Must earn it: We found that when our kids had to “earn” their spending money they put much thought into what they spent it on. “Money” was put into context — “hours worked.”

When my daughter was 10, she wanted an American Girl Doll. We could have bought it for her, but instead we told her she needed to earn the money to buy it herself. It took a bit of time, but she mowed the lawn and cleaned the house until she earned enough to buy her doll. This was a big boost to her self-esteem. She had “earned” it herself.

— Kim L., of Springfield, mother of three grown children and grandmother to one

Learning to prioritize: We began teaching financial principles when each of our children reached ninth grade.
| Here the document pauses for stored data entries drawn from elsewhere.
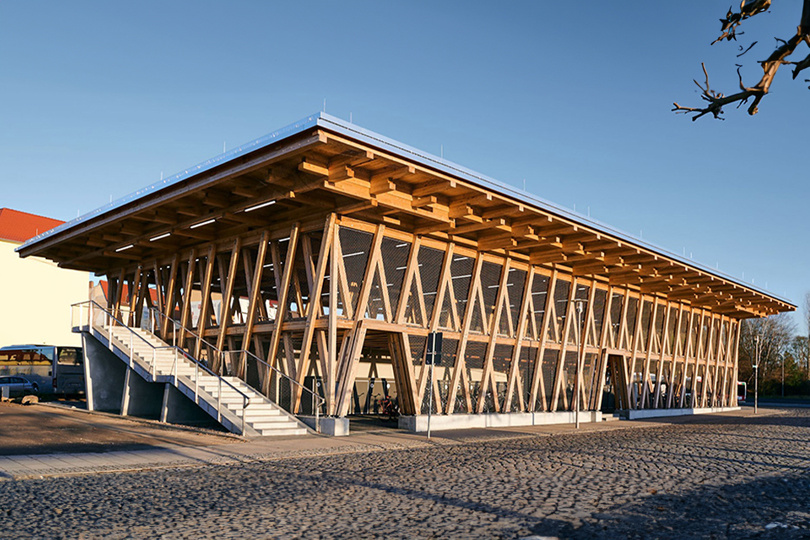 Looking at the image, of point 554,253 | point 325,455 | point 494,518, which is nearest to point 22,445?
point 325,455

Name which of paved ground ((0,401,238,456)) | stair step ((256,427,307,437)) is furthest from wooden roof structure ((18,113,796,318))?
paved ground ((0,401,238,456))

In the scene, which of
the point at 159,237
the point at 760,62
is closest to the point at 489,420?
the point at 159,237

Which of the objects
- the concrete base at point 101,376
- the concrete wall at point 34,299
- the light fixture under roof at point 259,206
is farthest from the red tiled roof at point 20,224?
the light fixture under roof at point 259,206

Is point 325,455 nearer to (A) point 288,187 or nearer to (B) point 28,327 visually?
(A) point 288,187

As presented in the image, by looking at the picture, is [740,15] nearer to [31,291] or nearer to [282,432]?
[282,432]

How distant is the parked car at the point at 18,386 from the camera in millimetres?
33281

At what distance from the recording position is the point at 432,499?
8906 mm

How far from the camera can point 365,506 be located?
27.7 ft

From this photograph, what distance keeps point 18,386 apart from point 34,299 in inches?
767

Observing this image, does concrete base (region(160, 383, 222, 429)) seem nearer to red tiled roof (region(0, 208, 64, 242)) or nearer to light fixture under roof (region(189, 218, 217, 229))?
light fixture under roof (region(189, 218, 217, 229))

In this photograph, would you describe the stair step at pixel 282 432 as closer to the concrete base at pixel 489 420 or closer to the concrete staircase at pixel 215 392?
the concrete staircase at pixel 215 392

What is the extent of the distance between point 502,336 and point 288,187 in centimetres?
1004

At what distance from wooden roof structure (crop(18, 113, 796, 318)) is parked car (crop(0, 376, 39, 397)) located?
28.9 ft

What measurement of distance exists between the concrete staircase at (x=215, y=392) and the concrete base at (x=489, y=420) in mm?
3379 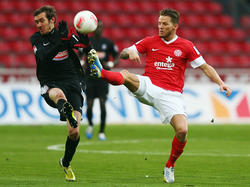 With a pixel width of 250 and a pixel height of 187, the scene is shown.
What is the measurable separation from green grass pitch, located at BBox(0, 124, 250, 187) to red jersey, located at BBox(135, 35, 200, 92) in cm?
123

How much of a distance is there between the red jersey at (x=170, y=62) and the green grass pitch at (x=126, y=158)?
123cm

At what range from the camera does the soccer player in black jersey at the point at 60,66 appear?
25.8 feet

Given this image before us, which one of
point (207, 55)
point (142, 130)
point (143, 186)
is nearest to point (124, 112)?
point (142, 130)

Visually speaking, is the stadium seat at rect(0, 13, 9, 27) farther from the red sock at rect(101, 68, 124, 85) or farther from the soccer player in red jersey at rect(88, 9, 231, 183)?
the red sock at rect(101, 68, 124, 85)

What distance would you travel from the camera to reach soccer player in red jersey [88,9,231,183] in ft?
25.2

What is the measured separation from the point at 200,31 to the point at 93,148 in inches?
601

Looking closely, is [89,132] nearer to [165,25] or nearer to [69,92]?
[69,92]

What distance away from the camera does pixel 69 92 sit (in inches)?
323

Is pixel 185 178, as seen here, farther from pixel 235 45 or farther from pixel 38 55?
pixel 235 45

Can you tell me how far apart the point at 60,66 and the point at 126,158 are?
2.93 m

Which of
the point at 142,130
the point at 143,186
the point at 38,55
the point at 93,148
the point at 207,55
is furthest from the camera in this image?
the point at 207,55

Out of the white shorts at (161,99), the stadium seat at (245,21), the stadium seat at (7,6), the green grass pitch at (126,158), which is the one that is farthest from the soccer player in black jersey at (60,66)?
the stadium seat at (245,21)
Up until then, we provided everything that our kids needed, from haircuts to sports fees to birthday gifts for their friends. When they reached high school, we started giving them $60 per month and taught them how to plan ahead and budget, so that they would have enough money to cover all of their expenses. This was difficult at times because inevitably each of them reached a point where they had spent more on “entertainment” expenses and didn’t have enough for something else they needed. They learned about prioritizing expenses, so that they would have enough money for the important things, and they learned to do without, at times. They have learned to be frugal and to spend within their means —both important life skills.

— Dave and Dawn L., of Eugene, parents to four kids (ages 9 to 21, one with autism, one a foster child that they adopted)

Dollar store math: One of my favorite ways to teach my kids how to use their money is by going to a dollar store. Whether cashing in rewards for work done or buying sibling gifts, whenever we go to a dollar store we have all kinds of money discussions. We talk about saving money, setting budgets, needs versus wants, what kinds of gifts are appropriate for the recipients, what makes something a good value, assessing quality, cost per unit, and how to stick to one’s list and priorities when there are other tempting items on the shelves. It’s amazing how careful they are with their own money! Dollar store math is simple and the store is small, so my kids can estimate their costs, count their money, and complete the transaction themselves. Dollar stores are consumer economics with training wheels.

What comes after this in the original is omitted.